The final verse is filled with anger and passion and sends me into a flurry ever time I sing it, I mean hear Pat sing it, “You desperately search for a way to conquer the fear/but no line of attack has been planned to fight back the tears/where brave and restless dreams are both won and lost/on the edge is where it seems it’s well worth the cost/just when you think you’ve got it down/your heart’s in pieces on the ground/they whisper promises in theeeeee….” And the whole thing goes silent… until Neil yells, “1,2,3,4” and Pat hits octaves only a pro like she could, “daaaaarrrkk…” before another killer break out guitar solo and a drum roll ending. It’s truly one of her hardest rocking songs and now that I’m older and can relate to the shit bag she’s singing about, I am in love with the song.
In real life, the shit bag in the song is Neil and was written at a time of turbulence between the two, but to me it represents just about every shit bag I've ever known. Isn't that just a dainty little term. Anyway, "Promises" was originally intended to be a ballad the whole way through but apparently anger overcame and it became the powerhouse it is.
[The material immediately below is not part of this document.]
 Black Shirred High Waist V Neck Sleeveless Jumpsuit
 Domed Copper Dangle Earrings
A side note should also be mentioned that Pat, still sketchy about her own writing, slipped the lyrics to this song under the bedroom door for Neil to read.
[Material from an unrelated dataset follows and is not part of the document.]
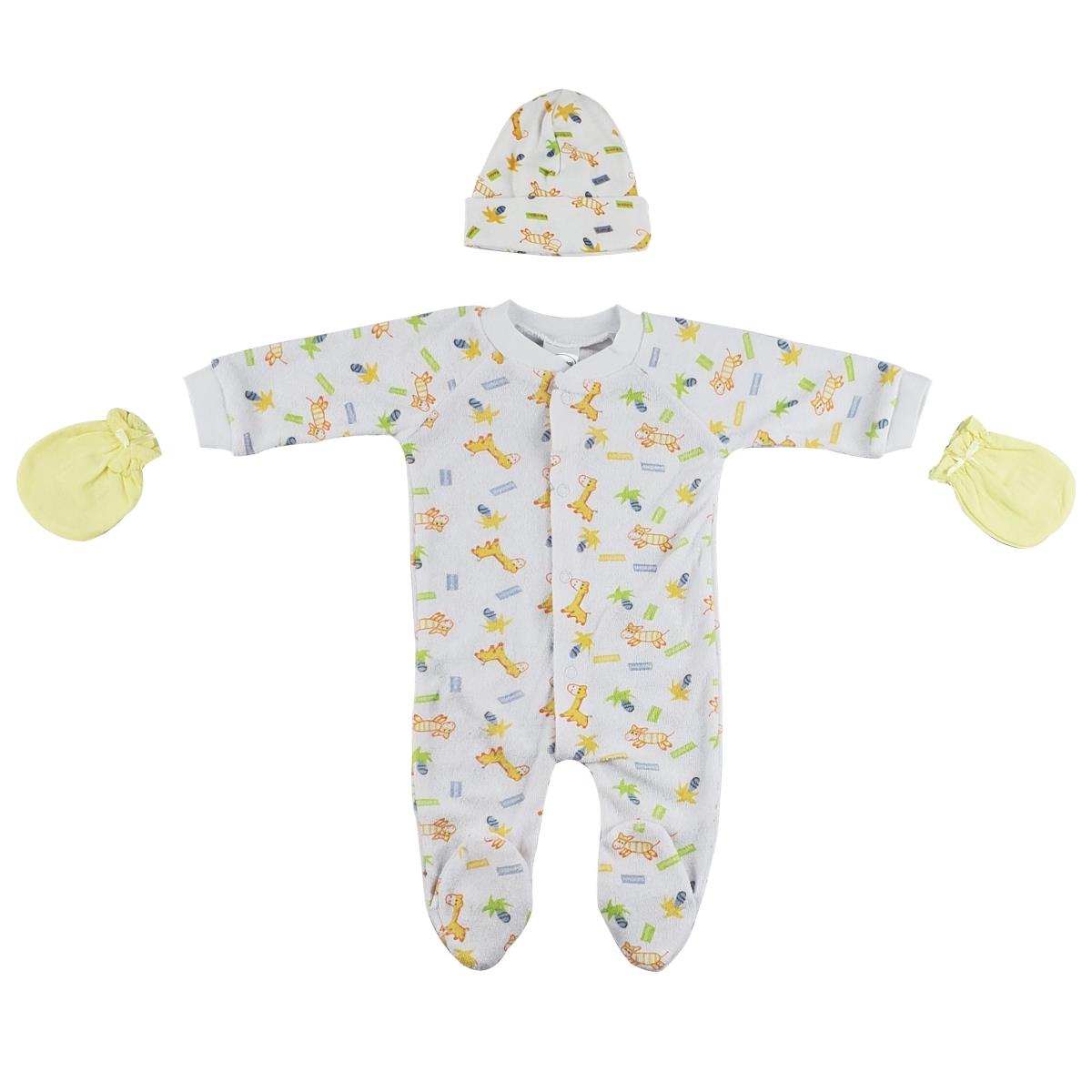 Picture of Bambini CS-0031 Sleep-n-Play&#44; Cap & Mittens&#44; White & Yellow - Newborn - 3 Piece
The Singles 1979-1981 ends with the strange little ditty known as “Evil Genius.” The B-side to “Promises In The Dark” it’s the tale of an evil little genius who takes a gun and murders someone. I recall seeing an interview of Pat around the time she was recording this album and they were saying the new album was going to be called “Evil Genius.” It’s probably best this song is only an album/b-side cut and didn’t become an actual album title thus reminding everyone of its existence.
The song begins with Pat singing to a quiet keyboard, “They were so ecstatic when the letter arrived/a certified genius at the age of 5/they planned his future so carefully/he was everything they’d hoped he’d be…”
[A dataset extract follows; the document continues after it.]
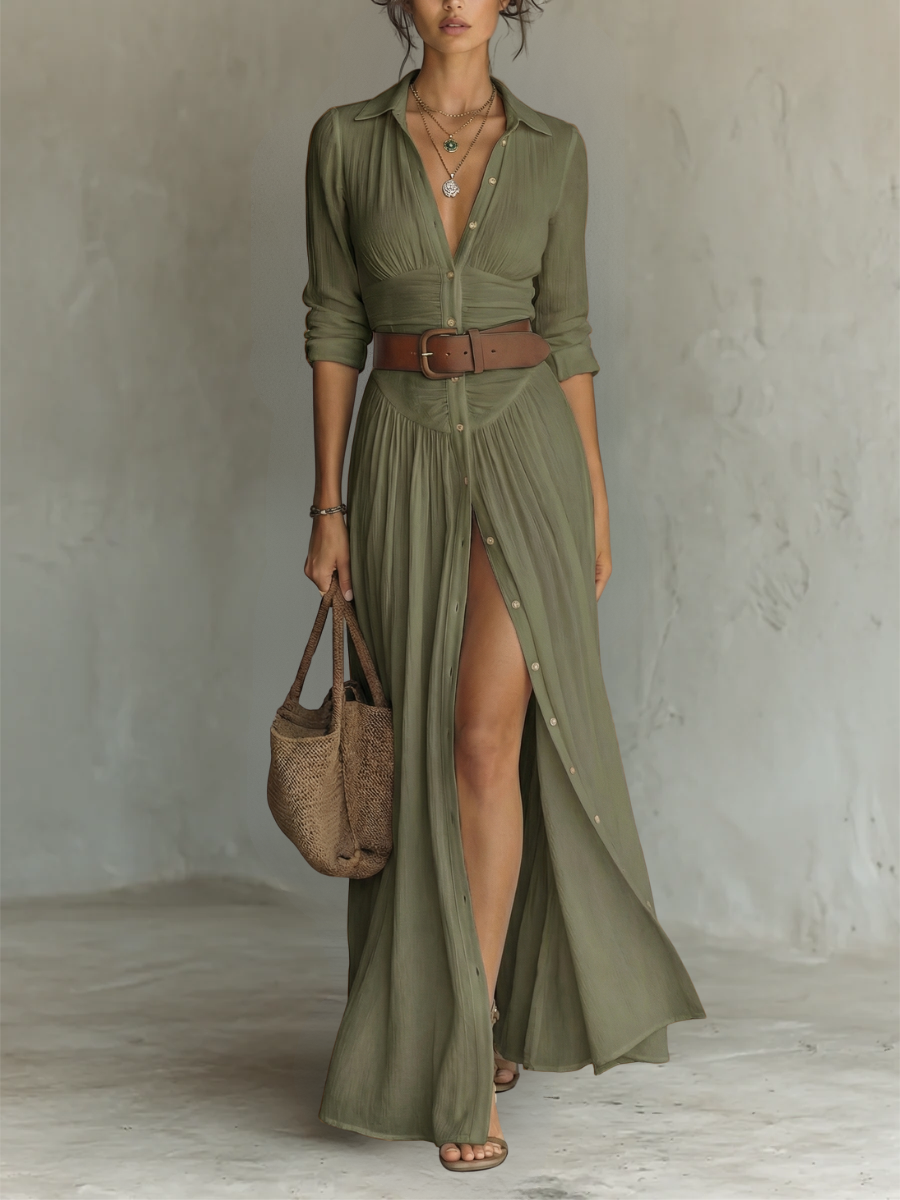 Karin Weiss Langarm Hemdbluse Maxikleid für Damen | Leichtes Crinkle-Gewebe - XS-2XL | Sommerkleid mit Schlitz | Knopfleiste durchgehend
The drums and guitars kick in as Pat tells the story of this boy genius that lived his life in a “video fantasy” until that day when he went into hiding “cause there’s fingerprints on the gun.” The guitars churn up and Pat goes from growl to high octave in each line, “Why’d you have to do it Evil Genius/was it justified in your mind/Why’d you put us through it Evil Genius/was it justified in your mind anytime you held a grudge?”
Now the thing with “Evil Genius” is it’s not really a bad song. In fact, musically it’s one of the most interesting songs in the Benatar catalog. There are horns, there’s a great guitar solo, Pat’s vocals are tight – rough and sweet just like we like her, and the middle break with all the horns and guitars playing off each other is excellent.
So I think it’s the lyrics that put many a critic into a tailspin. In the review of Precious Time in Rolling Stone (entitled “Spandex Ballet”) the reviewer says both Pat and Neil (the writers) should be embarrassed by the song. I think that’s a tad harsh, but I guess it’s not necessarily a song they should run around bragging about either.
These days, I really get into the song. The music is so excellent and its something that wasn’t really done at the time, particularly by Pat and the boys. Plus her voice is so powerful through out the track she could be singing the phone book and it would still be . the best thing you ever heard.
But I do have to admit, as a kid, the song did creep me out a little and even now, if you turn out the lights and listen to it, you will probably look around the corner of the sofa to see if that little evil boy is coming after you.